Design a distributed whiteboard system that enables multiple users to draw, sketch, and annotate collaboratively in real time. The system must support sessions with up to 100 concurrent participants, handle thousands of drawing strokes per second, and synchronize changes across all clients with minimal perceived latency (under 100ms). Users should see cursor positions, drawing operations, and object manipulations from other participants as they happen, similar to platforms like Miro, Figma, or Microsoft Whiteboard.
The core challenge lies in maintaining consistent state across distributed clients while dealing with network partitions, out-of-order messages, and conflicting concurrent edits. The system must efficiently transmit fine-grained drawing data, resolve conflicts deterministically, and scale to support thousands of active whiteboard sessions simultaneously without degrading user experience.
Real-time stroke synchronization -- Users must see drawing strokes, shape manipulations, and cursor movements from all participants as they occur, with minimal visible lag.
Persistent whiteboard state -- All drawing data, objects, and annotations must be durably stored and recoverable, allowing users to leave and rejoin sessions without data loss.
Conflict resolution -- When multiple users edit the same region simultaneously, the system must deterministically resolve conflicts and converge to a consistent state across all clients.
Session management -- Support creation of whiteboard sessions with access control, invitation mechanisms, and the ability to handle both temporary and long-lived collaborative spaces.
Scalability -- Handle 10,000 concurrent whiteboard sessions, with up to 100 participants per session and 5,000 drawing operations per second across all active sessions.
Reliability -- Ensure 99.9% uptime with automatic recovery from server failures; no client should lose uncommitted drawing data during transient network issues.
Latency -- Achieve end-to-end propagation latency under 100ms for drawing operations from one client to all others in the same session under normal network conditions.
Consistency -- Provide eventual consistency with deterministic conflict resolution; all clients viewing the same whiteboard must converge to identical state within seconds of the last operation.

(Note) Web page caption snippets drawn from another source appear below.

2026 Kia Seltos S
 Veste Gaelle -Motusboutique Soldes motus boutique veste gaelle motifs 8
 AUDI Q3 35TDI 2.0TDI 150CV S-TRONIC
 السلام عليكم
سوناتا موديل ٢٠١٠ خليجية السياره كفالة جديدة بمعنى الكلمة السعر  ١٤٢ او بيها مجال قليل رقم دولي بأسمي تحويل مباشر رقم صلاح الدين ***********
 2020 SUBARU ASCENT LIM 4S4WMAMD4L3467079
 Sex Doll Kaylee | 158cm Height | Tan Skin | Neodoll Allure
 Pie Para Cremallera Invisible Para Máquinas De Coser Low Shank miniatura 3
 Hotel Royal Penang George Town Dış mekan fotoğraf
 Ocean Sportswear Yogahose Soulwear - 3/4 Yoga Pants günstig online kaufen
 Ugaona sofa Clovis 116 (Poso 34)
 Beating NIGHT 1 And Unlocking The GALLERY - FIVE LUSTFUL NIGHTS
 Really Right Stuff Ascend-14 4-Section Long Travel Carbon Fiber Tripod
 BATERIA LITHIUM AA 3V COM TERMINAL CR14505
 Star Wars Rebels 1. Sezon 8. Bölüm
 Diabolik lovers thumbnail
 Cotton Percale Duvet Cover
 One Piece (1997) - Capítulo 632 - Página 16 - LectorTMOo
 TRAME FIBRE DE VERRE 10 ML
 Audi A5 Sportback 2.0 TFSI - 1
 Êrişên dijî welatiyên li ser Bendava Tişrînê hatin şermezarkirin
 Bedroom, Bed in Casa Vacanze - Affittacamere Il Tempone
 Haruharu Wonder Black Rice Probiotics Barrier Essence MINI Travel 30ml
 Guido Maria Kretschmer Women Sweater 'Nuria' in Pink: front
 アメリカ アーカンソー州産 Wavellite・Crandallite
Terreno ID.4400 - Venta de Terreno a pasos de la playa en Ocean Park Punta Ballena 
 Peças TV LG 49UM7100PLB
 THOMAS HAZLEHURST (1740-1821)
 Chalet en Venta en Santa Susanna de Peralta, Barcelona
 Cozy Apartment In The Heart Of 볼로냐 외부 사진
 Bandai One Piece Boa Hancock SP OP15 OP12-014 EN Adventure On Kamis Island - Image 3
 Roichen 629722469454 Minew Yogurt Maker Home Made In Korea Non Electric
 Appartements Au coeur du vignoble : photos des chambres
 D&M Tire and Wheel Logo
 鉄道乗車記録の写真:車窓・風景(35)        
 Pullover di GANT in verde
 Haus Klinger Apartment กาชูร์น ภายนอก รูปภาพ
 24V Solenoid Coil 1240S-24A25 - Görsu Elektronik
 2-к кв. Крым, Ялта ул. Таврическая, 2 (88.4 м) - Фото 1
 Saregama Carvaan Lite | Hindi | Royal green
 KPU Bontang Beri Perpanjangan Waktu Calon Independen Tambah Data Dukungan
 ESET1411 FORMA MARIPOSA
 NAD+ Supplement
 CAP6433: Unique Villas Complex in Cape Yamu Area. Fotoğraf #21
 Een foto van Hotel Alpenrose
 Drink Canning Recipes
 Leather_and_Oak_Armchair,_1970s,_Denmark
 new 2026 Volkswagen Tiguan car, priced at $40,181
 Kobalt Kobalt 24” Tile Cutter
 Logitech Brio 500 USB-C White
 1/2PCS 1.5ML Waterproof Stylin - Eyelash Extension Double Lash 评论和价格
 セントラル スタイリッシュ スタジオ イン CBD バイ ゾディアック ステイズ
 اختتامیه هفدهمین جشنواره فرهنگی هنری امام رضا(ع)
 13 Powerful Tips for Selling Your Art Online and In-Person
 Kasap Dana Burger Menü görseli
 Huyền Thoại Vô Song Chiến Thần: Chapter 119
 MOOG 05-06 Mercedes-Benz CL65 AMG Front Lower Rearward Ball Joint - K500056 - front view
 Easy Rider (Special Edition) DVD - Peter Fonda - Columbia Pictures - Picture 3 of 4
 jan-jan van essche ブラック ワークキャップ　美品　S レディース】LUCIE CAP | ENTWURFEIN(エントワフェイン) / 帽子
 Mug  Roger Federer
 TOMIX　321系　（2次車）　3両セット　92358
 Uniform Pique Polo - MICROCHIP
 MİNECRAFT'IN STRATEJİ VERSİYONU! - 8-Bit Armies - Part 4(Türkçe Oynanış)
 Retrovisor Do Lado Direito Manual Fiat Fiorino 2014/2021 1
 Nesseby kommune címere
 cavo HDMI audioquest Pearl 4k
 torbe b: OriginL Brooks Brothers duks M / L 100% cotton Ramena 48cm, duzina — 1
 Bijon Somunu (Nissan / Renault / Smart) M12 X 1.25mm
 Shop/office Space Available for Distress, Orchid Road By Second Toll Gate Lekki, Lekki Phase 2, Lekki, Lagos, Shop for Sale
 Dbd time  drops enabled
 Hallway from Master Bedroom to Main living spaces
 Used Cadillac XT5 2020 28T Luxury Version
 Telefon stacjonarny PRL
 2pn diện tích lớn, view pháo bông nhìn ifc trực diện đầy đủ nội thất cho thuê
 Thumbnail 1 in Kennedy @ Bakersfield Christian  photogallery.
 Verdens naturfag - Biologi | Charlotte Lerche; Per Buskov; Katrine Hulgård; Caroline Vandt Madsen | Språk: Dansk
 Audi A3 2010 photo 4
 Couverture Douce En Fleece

Based on real interview experiences, these are the areas interviewers probe most deeply:
The most critical design decision is how you propagate drawing operations between clients with minimal latency while maintaining consistent state. This tests your understanding of operational transformation, CRDTs, and real-time messaging protocols.
Evaluate whether to use a centralized server that broadcasts all operations versus peer-to-peer synchronization approaches and their latency implications
Consider how WebSocket connections per session scale and whether you need message multiplexing or connection pooling strategies
Discuss operational transformation (OT) versus Conflict-free Replicated Data Types (CRDTs) for resolving concurrent edits and the tradeoffs in complexity and consistency guarantees
Think about optimistic UI updates on the client versus waiting for server acknowledgment and how to handle rollback scenarios
Whiteboard operations generate massive amounts of fine-grained data. Interviewers want to see how you minimize bandwidth while maintaining fidelity and responsiveness.
Users expect their work to be saved and accessible after network disruptions or intentional session exits. This area tests your understanding of durable storage and snapshot strategies.
Design a versioned event log approach where operations are append-only versus periodic full snapshots of whiteboard state and the tradeoffs in recovery time
Consider how to handle large whiteboards with thousands of objects and whether lazy loading or spatial indexing is needed for fast session initialization
Discuss strategies for compaction and garbage collection of historical operations while maintaining the ability to replay for new joiners
Think about offline mode support where local changes are queued and merged when connectivity is restored
Supporting thousands of concurrent sessions requires careful resource allocation and session routing. Interviewers look for your ability to design for multi-tenancy and horizontal scaling.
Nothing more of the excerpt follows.